Forum Moderators: phranque

Message Too Old, No Replies

404 - possible to use a generic redirect

and tell the bots the file's moved permanently?

         

lorax

7:00 pm on Dec 17, 2003 (gmt 0)

WebmasterWorld Senior Member 10+ Year Member Top Contributors Of The Month



I have a new version of a site that had about 50 pages in the old version. When I publish the new site I want to catch all the existing links to these outdated pages and redirect them to the new home page. So I'm thinking of using something like:

ErrorDocument 404 / [R=301]

in hopes that this will tell the bots that the link they're checking (and which doesn't exist) has been moved to (the top page for the site).
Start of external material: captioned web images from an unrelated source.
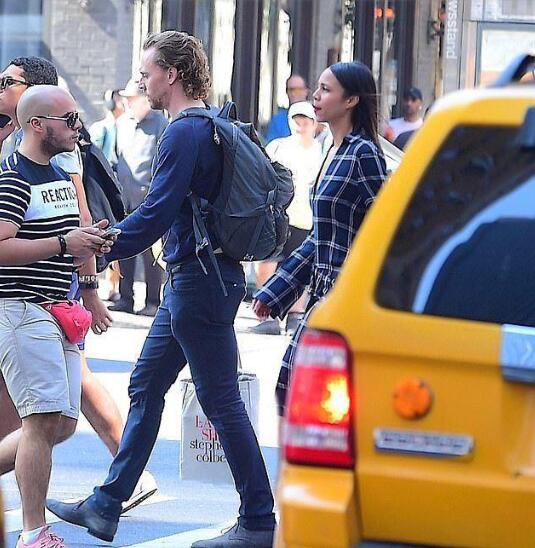 抖森被曝已与小3岁女星同居 女星个人资料及照片曝光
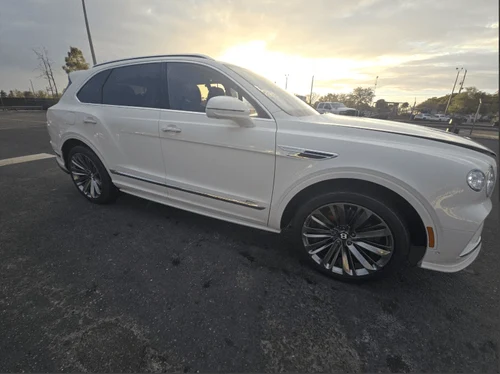 
           
        2021 Bentley Bentayga Speed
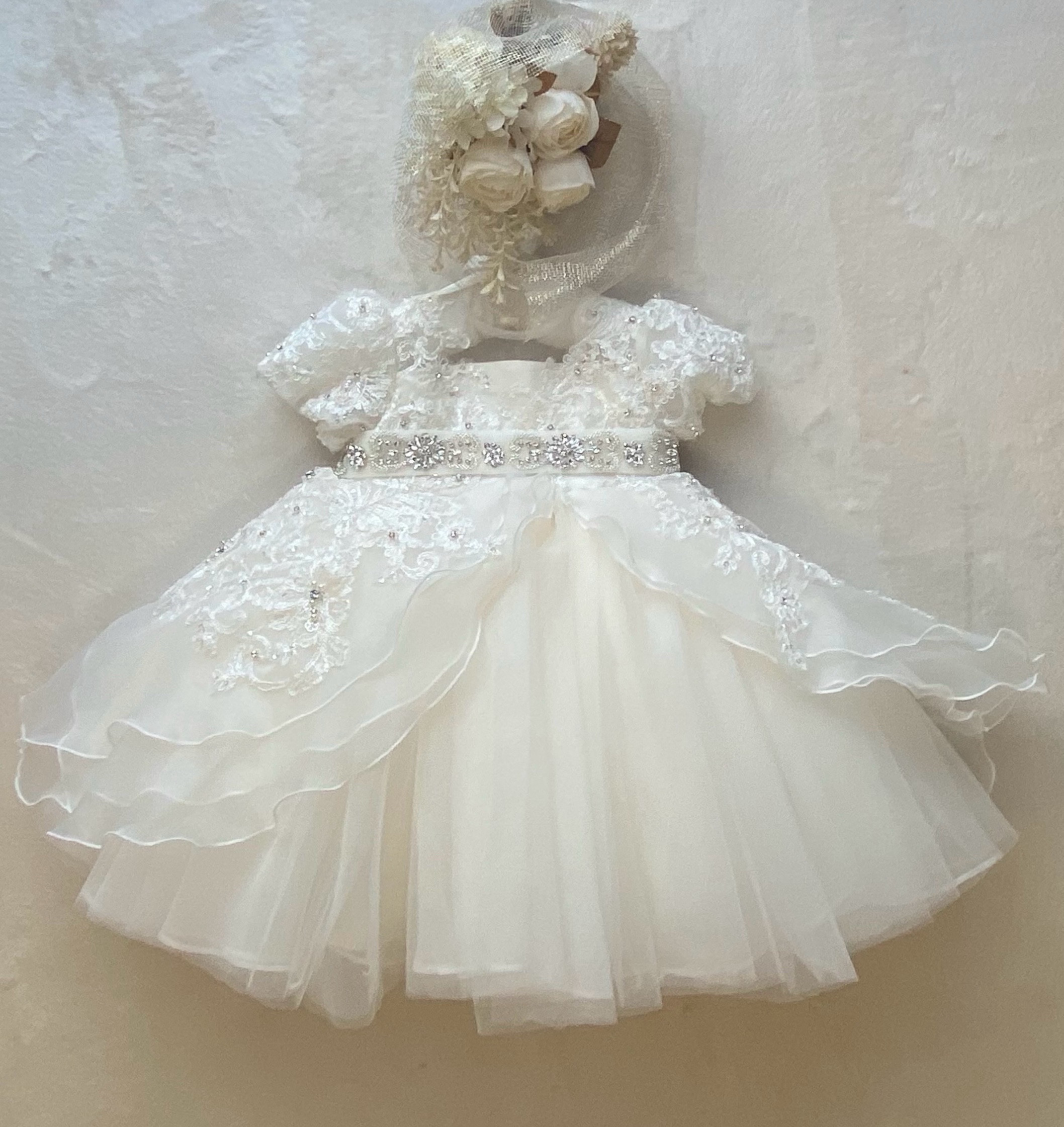 ウエディングドレスをベビードレスへリメイク致します。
What problems will this cause if any?

Birdman

7:15 pm on Dec 17, 2003 (gmt 0)

WebmasterWorld Senior Member 10+ Year Member



For fifty pages, I would think you could redirect them individually.
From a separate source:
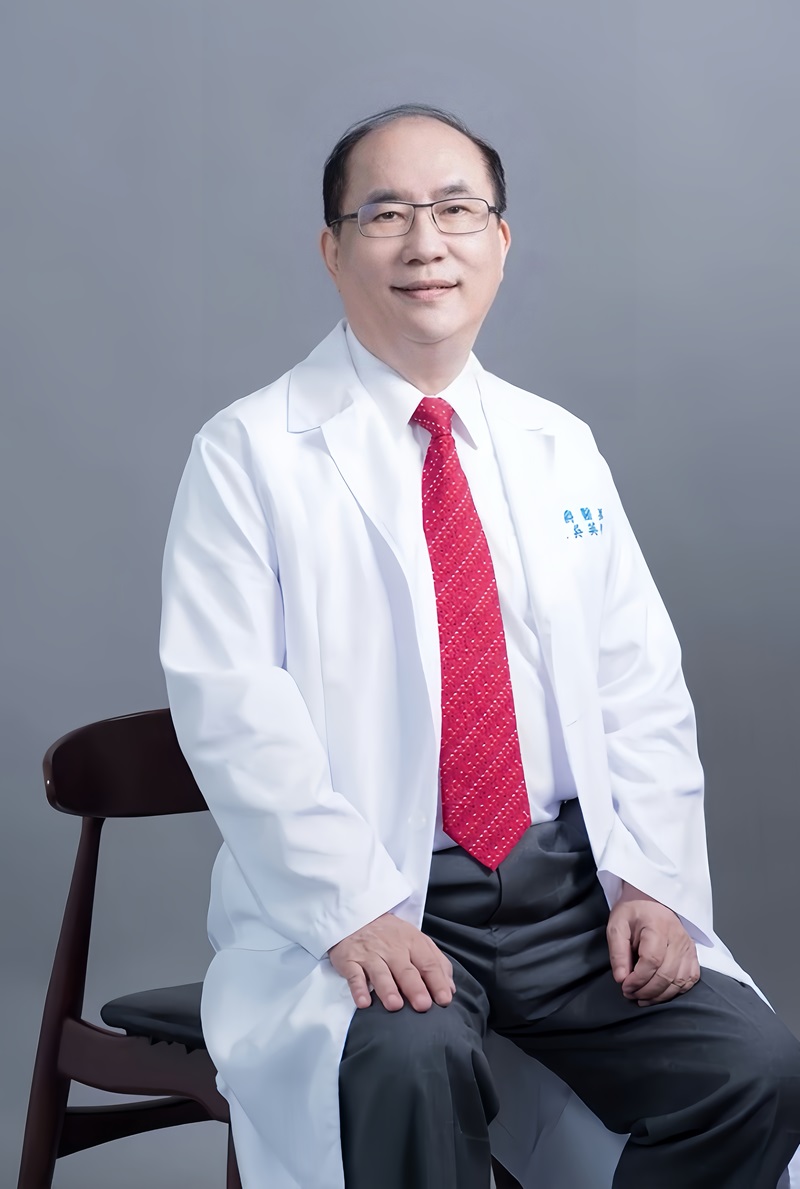 圖：吳英俊醫師強調，過度施打填充物可能形成僵硬饅化臉。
Search engine wise, I think it would be wiser to 301 each old page to its counterpart, rather than to the home page. Just my 2c, however.
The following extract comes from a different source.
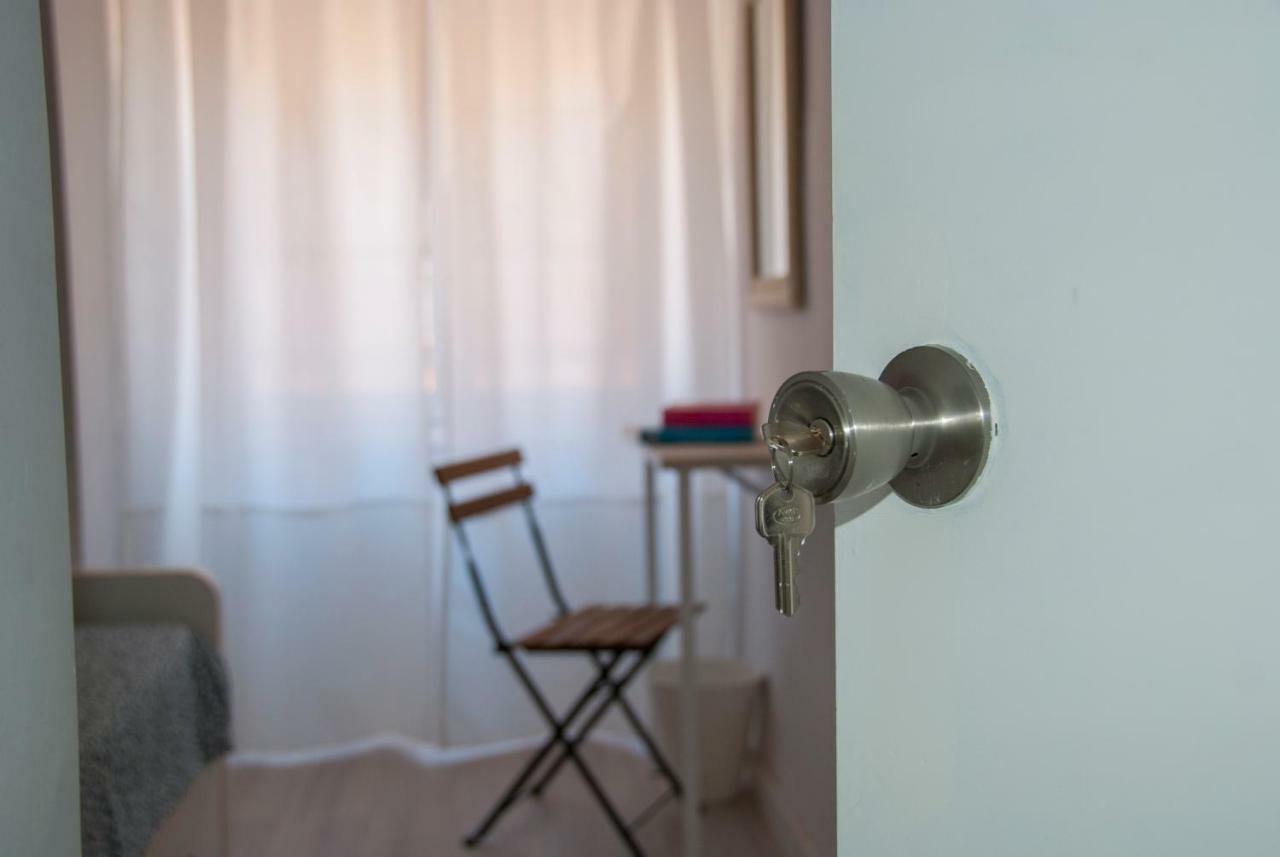 Plaza De Toro Studio Habitación en casa particular Alicante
BTW, I was just reading Shopping Carts 101 [webmasterworld.com]...Nice!

Birdman

7:28 pm on Dec 17, 2003 (gmt 0)

WebmasterWorld Senior Member 10+ Year Member



Also, after reading:

httpd.apache.org/docs/mod/core.html#errordocument

I don't think the ErrorDocument directive allows for optional flags(R,L,etc).

Birdman

lorax

7:42 pm on Dec 17, 2003 (gmt 0)

WebmasterWorld Senior Member 10+ Year Member Top Contributors Of The Month



Re: individual pages - yeah I suppose so but I was hoping to avoid it. Boring at best and it just fattens up the htaccess file.

Just tested it and you're right - the errordocument line does not like the flag.

Birdman

7:54 pm on Dec 17, 2003 (gmt 0)

WebmasterWorld Senior Member 10+ Year Member



If you prefer to just let the spiders find the new pages via your new homepage, then a standard errorDocument 404 / should do the job.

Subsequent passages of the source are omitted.